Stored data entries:

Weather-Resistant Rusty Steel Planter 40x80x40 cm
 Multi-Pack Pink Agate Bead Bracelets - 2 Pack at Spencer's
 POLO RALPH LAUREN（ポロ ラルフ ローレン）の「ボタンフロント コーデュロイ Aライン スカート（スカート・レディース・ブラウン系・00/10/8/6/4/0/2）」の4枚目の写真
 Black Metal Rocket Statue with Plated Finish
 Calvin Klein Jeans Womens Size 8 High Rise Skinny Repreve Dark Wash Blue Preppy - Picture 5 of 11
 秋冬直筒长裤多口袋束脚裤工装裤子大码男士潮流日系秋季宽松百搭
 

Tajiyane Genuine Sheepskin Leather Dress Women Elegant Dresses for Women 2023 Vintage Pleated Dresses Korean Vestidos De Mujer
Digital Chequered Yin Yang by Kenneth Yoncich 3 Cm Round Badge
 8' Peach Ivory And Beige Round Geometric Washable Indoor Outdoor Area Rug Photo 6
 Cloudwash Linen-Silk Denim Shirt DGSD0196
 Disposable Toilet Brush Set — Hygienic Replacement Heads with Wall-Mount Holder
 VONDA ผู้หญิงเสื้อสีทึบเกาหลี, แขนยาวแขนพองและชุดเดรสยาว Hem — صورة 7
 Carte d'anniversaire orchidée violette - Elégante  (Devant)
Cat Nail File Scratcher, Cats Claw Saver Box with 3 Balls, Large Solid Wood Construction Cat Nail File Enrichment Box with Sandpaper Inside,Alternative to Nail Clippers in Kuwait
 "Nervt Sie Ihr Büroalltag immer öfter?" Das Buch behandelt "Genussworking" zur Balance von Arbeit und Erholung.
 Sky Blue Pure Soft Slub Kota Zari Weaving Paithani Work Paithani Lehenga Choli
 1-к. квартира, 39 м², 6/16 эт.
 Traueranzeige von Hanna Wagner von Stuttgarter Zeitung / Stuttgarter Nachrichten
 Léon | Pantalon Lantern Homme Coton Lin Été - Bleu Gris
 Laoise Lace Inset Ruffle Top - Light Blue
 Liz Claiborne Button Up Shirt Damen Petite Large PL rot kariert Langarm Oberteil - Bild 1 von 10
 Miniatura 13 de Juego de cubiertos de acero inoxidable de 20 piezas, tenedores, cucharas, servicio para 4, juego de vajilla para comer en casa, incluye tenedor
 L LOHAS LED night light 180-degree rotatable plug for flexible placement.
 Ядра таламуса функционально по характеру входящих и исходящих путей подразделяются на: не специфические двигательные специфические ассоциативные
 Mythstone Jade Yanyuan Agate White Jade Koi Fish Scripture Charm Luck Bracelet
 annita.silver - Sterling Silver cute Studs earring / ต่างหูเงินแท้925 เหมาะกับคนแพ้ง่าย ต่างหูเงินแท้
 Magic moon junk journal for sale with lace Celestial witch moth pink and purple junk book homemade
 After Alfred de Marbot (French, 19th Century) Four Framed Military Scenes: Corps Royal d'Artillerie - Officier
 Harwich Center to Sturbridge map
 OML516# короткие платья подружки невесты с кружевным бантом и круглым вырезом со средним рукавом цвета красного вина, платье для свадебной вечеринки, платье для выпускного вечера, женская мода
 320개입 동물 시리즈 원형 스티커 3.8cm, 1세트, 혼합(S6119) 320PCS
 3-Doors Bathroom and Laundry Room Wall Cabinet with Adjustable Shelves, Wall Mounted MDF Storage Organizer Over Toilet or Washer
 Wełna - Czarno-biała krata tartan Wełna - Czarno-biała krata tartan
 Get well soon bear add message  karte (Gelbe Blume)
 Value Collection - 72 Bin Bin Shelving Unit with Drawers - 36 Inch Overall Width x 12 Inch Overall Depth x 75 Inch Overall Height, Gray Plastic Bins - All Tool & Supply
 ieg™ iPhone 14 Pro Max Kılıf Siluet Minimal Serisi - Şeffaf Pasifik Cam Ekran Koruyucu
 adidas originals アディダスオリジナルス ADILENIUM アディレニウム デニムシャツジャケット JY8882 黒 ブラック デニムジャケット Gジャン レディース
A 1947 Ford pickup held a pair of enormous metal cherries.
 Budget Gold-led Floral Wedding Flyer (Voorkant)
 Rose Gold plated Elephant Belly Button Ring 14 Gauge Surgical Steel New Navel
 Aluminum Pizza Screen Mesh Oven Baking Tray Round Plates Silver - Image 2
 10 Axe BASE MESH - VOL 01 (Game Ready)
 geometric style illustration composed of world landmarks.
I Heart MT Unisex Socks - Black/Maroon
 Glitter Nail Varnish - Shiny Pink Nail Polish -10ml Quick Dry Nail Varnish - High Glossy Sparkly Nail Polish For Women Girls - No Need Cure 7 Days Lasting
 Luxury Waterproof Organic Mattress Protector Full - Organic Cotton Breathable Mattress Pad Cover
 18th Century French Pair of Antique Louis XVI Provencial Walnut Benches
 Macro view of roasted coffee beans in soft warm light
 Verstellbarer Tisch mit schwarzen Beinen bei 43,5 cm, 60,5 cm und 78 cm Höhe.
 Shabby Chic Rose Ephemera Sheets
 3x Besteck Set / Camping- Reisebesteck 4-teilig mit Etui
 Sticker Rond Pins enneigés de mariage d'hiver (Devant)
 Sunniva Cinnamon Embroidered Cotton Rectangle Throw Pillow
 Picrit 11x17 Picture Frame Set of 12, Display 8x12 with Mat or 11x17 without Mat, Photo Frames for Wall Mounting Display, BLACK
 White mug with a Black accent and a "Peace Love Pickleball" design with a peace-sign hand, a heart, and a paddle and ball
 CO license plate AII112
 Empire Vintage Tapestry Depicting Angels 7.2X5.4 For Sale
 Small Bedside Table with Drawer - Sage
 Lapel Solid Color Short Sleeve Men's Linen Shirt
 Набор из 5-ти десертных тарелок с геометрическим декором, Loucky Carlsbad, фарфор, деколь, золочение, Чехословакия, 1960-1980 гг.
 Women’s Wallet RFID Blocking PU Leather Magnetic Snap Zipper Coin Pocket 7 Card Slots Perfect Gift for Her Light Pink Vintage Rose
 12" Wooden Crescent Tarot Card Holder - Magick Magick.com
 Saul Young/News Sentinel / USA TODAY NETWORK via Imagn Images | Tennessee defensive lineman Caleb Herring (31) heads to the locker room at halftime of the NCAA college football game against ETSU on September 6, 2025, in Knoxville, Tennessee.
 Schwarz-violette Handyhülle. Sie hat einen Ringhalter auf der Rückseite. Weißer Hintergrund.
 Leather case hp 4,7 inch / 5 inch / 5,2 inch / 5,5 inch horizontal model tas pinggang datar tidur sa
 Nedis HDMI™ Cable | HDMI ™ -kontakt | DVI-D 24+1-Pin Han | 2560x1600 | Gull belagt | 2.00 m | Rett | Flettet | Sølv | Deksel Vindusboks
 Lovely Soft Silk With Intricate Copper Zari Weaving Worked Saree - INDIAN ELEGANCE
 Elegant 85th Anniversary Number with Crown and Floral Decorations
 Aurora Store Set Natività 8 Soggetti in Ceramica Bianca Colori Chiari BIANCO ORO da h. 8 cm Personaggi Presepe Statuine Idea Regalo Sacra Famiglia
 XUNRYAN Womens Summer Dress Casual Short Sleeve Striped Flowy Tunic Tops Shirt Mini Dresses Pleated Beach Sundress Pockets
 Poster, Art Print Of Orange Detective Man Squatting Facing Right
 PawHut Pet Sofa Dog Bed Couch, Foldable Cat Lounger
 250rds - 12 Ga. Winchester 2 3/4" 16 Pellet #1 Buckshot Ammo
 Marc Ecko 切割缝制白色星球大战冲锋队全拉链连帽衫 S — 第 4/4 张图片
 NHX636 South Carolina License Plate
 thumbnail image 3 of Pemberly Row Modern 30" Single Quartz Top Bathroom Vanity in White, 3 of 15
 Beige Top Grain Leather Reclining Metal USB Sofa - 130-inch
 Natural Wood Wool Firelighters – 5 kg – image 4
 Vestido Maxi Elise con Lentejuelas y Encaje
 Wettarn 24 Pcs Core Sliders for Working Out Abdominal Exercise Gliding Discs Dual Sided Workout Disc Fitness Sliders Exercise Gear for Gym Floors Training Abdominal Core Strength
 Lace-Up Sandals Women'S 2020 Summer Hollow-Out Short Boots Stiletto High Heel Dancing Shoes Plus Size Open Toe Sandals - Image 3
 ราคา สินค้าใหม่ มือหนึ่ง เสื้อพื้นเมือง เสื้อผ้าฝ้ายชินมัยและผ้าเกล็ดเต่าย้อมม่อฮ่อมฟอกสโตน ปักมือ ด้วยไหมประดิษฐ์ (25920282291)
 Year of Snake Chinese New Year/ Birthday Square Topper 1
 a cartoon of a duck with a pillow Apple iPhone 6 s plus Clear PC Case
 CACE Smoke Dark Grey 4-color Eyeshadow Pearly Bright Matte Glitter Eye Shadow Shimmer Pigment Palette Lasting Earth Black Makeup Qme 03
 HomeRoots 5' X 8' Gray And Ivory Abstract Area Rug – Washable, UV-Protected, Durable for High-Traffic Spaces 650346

TASK TO COMPLETE: What you give back should be only the lines of the records above, starting at the line with "Magic moon junk" and ending at the line with "ieg™ iPhone 14", restated word for word.

SOLUTION TO THIS EXERCISE:
 Magic moon junk journal for sale with lace Celestial witch moth pink and purple junk book homemade
 After Alfred de Marbot (French, 19th Century) Four Framed Military Scenes: Corps Royal d'Artillerie - Officier
 Harwich Center to Sturbridge map
 OML516# короткие платья подружки невесты с кружевным бантом и круглым вырезом со средним рукавом цвета красного вина, платье для свадебной вечеринки, платье для выпускного вечера, женская мода
 320개입 동물 시리즈 원형 스티커 3.8cm, 1세트, 혼합(S6119) 320PCS
 3-Doors Bathroom and Laundry Room Wall Cabinet with Adjustable Shelves, Wall Mounted MDF Storage Organizer Over Toilet or Washer
 Wełna - Czarno-biała krata tartan Wełna - Czarno-biała krata tartan
 Get well soon bear add message  karte (Gelbe Blume)
 Value Collection - 72 Bin Bin Shelving Unit with Drawers - 36 Inch Overall Width x 12 Inch Overall Depth x 75 Inch Overall Height, Gray Plastic Bins - All Tool & Supply
 ieg™ iPhone 14 Pro Max Kılıf Siluet Minimal Serisi - Şeffaf Pasifik Cam Ekran Koruyucu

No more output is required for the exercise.